Efficient To-Do Data Modeling in CockroachDB Beta-1.x?

All,
As CockroachDB gets closer and closer to 1.x; I’ve been increasingly interested in using it for a project. I love what it promises to bring to the open source community, and database technology in general. It’s focus on scalability, durability, and consistency is especially appealing. However, as I ponder its utilization as a data layer for modern Internet facing applications, I start thinking about the SQL data model paradigm. I’m going to use a simple to-do app for my case study. Traditionally, when using a SQL database for this kind of app you would/could have a to-do table with at least the following columns (id[pk], list-id[fk], user-id[fk], done, description), with the associated user and task-list tables. This is simple enough, but it brings with it some obvious performance implications as the dataset grows.
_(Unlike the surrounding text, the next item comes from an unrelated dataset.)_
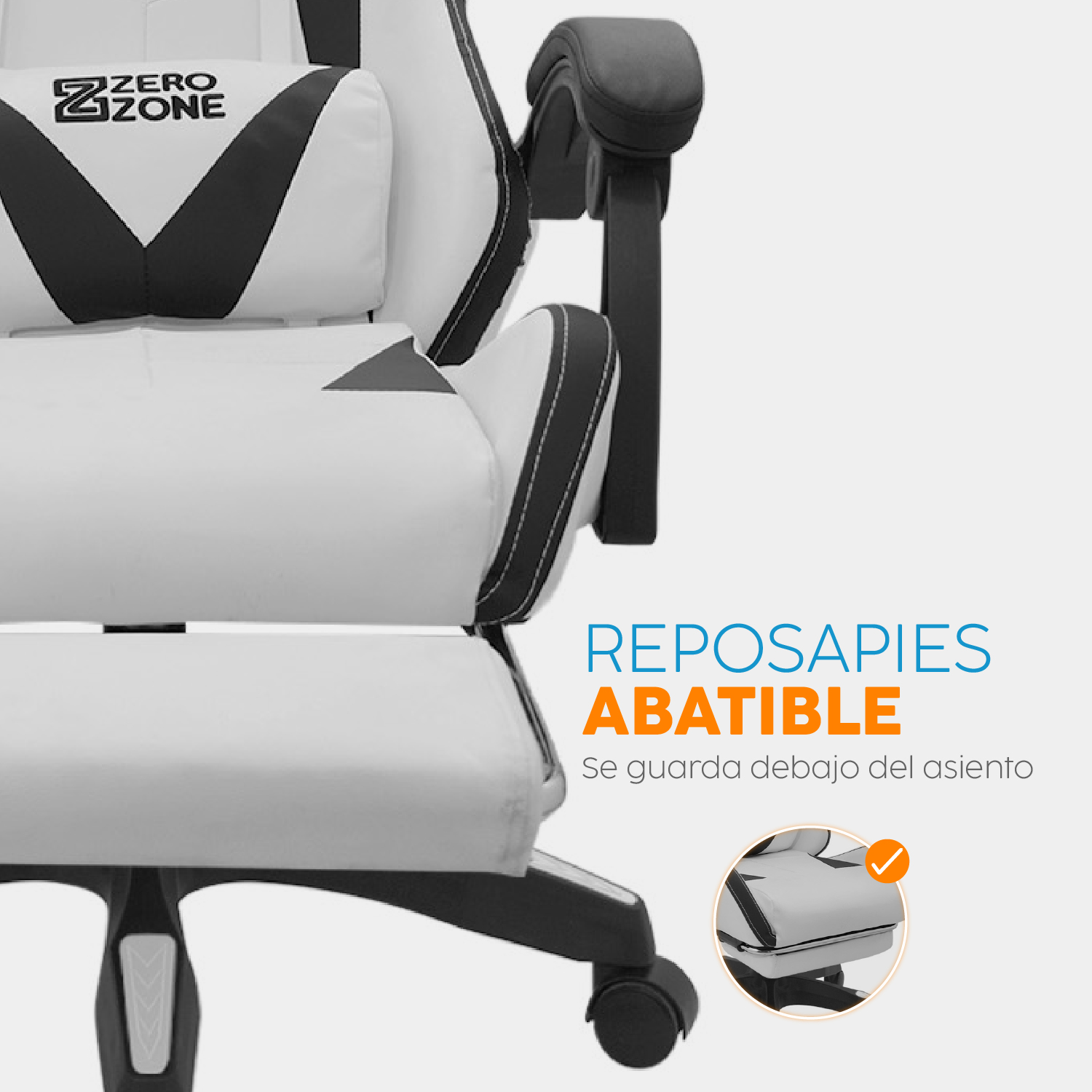 SILLA GAMER PLAY CON REPOSAPIÉS BLANCO/NEGRO BONNO - 3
Of course this will be the first to-do app in history to become an Internet sensation, so there will be millions of task lists with a dozen or more to-do items each. With each user access, a query is performed on the entire table sorting out the correct owner, for each to-do item in their lists. While this example is a little silly, it does demonstrate how SQL may be a less desirable data organizational system for this type of mega multi-user app. Comparing this, to other data stores that offer data structures that can encapsulate the entire to-do list, and each to-do item in a single entity seems to be much more efficient. Some even offer user name spaces, while maintaining the same schema to help reduce query costs. That being said, are there any innovations that CockroachDB implements to help reduce the overhead of traditional SQL constructs? What would the ideal data model for this app look like in CockroachDB?

Many Thanks!
–Nick

1 Like

Hi Nick,
if your to-do list is indexed with the user-id first in the primary key, then look-ups by user will be efficient.
Intuitively for this type of application the PK will be (user-id, list-id, …).

(These are general data organization principles for RDBMs, not specific to CockroachDB. Best practices from other SQL engines probably apply just as well.)
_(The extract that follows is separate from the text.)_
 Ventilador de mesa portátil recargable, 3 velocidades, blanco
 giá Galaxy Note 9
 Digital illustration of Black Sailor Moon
Perhaps arrays or JSON support would address your interests? There is a byte/blob data type where you can store JSON. In a web app JSON would likely be the format coming back from the browser anyway. If you pointed something like SOLR at it, then you’d have pretty nice to-do list architecture. And CDB supported indexing of text content, so much the better.

CockroachDB does not yet support arrays or JSON data types (you could store your JSON data in a string column, but you wouldn’t be able to query based on its contents).
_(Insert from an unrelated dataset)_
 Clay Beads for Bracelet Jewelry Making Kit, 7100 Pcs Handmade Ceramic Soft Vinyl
Like @knz said, a single table is fine for the schema as you’ve described it so far. But that doesn’t give you a place to put things like list titles, so you’ll probably want multiple tables (users, lists, items). And when you use multiple tables in a hierarchy like this, there’s an important CockroachDB-specific feature to be aware of: interleaved tables. You can use the INTERLEAVE IN PARENT clause to interleave the list table in the user table, and the item table in the list table. This will store all of a user’s data together so that when you join these tables together you can load all the data you need at once.

1 Like

Do you if anyone has attempted a SOLR or ElasticSearch integration with CDB yet? Such could a long way to make up for full JSON query support.

@bdarnell / All, Thanks for taking a look at this inquiry! Quote: “so you’ll probably want multiple tables (users, lists, items)”; I mentioned this in my original question, but maybe I needed to make it a little clearer :slight_smile: The Interleave table information is exactly what I was looking for to help me effectively model data in CockroachDB; Although I wish JSON support was also in place. Interleaving makes allot of sense, but I’m wondering what the best logical boundaries would be. My first inclination would be to crate a hierarchy with the appropriate interleave prefixes like this: (User -> Lists -> ToDos). However, after reading the Interleave limitations, would it be better to partition the Interleave hierarchy at just (List -> ToDo), so that you don’t break the 64MB limit? My understanding is that with the complete hierarchy, the user could only have a total of 64MB in To-Do lists before performance degrades. In the second example, the user could have several To-Do lists that are up to 64MB each, and not be effected by the collective size of other to do lists that the user has. Am I thinking about this in the right way?

– Nick

There is not a 64MB limit for interleaved tables. In some cases the benefits of interleaving are reduced if the data is more than 64MB per user, but it’s still beneficial (as long as your data and access patterns are hierarchical) no matter how big the data gets.